Let's start by specifying:

- The S3 bucket and prefix that you want to use for training and model data.  This should be within the same region as the Notebook Instance, training, and hosting.
- The IAM role arn used to give training and hosting access to your data. See the documentation for how to create these.  Note, if more than one role is required for notebook instances, training, and/or hosting, please replace the boto regexp with a the appropriate full IAM role arn string(s).

In [None]:
import sagemaker
import boto3
import re
import os
from sagemaker import get_execution_role

from sagemaker.processing import FrameworkProcessor
from sagemaker.processing import ProcessingInput, ProcessingOutput
from sagemaker.utils import name_from_base
from sagemaker.sklearn.estimator import SKLearn



In [None]:
import numpy as np                                # For matrix operations and numerical processing
import pandas as pd                               # For munging tabular data
import matplotlib.pyplot as plt                   # For charts and visualizations
from IPython.display import Image                 # For displaying images in the notebook
from IPython.display import display               # For displaying outputs in the notebook
from time import gmtime, strftime                 # For labeling SageMaker models, endpoints, etc.
import sys                                        # For writing outputs to notebook

bucket=sagemaker.Session().default_bucket()
prefix = 'music-recommendation-workshop'

role = get_execution_role()
sagemaker_session = sagemaker.Session()

In [None]:
if 'new_data_paths' not in locals():
    
    new_data_paths = [f's3://{bucket}/{prefix}/input/tracks.csv',
                     f's3://{bucket}/{prefix}/input/ratings.csv']
    %store new_data_paths
    
else:
    print(f'input source is available: {new_data_paths}')

%store new_data_paths

# Feature Engineering with Amazon SageMaker Processing

Amazon SageMaker Processing allows you to run steps for data pre- or post-processing, feature engineering, data validation, or model evaluation workloads on Amazon SageMaker. Processing jobs accept data from Amazon S3 as input and store data into Amazon S3 as output.

![processing](https://sagemaker.readthedocs.io/en/stable/_images/amazon_sagemaker_processing_image1.png)

Here, we'll import the dataset and transform it with SageMaker Processing, which can be used to process terabytes of data in a SageMaker-managed cluster separate from the instance running your notebook server. In a typical SageMaker workflow, notebooks are only used for prototyping and can be run on relatively inexpensive and less powerful instances, while processing, training and model hosting tasks are run on separate, more powerful SageMaker-managed instances.  SageMaker Processing includes off-the-shelf support for Scikit-learn, as well as a Bring Your Own Container option, so it can be used with many different data transformation technologies and tasks.    

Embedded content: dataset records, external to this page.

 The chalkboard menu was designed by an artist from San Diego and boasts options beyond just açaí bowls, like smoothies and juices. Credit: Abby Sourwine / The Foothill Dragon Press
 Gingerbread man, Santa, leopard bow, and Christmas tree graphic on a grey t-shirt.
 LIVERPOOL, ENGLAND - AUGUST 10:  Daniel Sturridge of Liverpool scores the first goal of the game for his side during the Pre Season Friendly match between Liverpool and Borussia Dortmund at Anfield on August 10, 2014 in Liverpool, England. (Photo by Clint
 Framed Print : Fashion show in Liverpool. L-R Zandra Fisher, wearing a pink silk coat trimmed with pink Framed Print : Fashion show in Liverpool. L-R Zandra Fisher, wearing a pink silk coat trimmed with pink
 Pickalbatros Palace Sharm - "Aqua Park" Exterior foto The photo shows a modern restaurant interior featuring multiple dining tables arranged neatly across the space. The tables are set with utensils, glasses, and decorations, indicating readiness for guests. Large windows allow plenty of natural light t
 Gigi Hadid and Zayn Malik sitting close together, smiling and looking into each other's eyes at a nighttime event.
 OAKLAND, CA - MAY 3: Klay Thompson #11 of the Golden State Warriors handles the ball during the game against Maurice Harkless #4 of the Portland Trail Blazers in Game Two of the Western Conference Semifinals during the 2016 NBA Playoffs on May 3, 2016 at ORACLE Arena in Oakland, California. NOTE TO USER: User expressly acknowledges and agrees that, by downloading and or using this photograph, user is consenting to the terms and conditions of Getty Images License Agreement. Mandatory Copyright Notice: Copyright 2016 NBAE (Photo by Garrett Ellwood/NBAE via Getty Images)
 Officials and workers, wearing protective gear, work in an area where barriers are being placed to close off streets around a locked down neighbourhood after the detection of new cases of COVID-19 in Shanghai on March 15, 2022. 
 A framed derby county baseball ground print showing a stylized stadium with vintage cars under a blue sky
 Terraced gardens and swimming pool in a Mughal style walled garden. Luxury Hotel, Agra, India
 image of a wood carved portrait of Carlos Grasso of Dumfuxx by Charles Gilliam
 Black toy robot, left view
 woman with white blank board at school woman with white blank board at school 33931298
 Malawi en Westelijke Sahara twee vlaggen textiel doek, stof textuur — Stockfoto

To use SageMaker Processing, simply supply a Python data preprocessing script as shown below.  For this example, we're using a SageMaker prebuilt Scikit-learn container, which includes many common functions for processing data.  There are few limitations on what kinds of code and operations you can run, and only a minimal contract:  input and output data must be placed in specified directories.  If this is done, SageMaker Processing automatically loads the input data from S3 and uploads transformed data back to S3 when the job is complete.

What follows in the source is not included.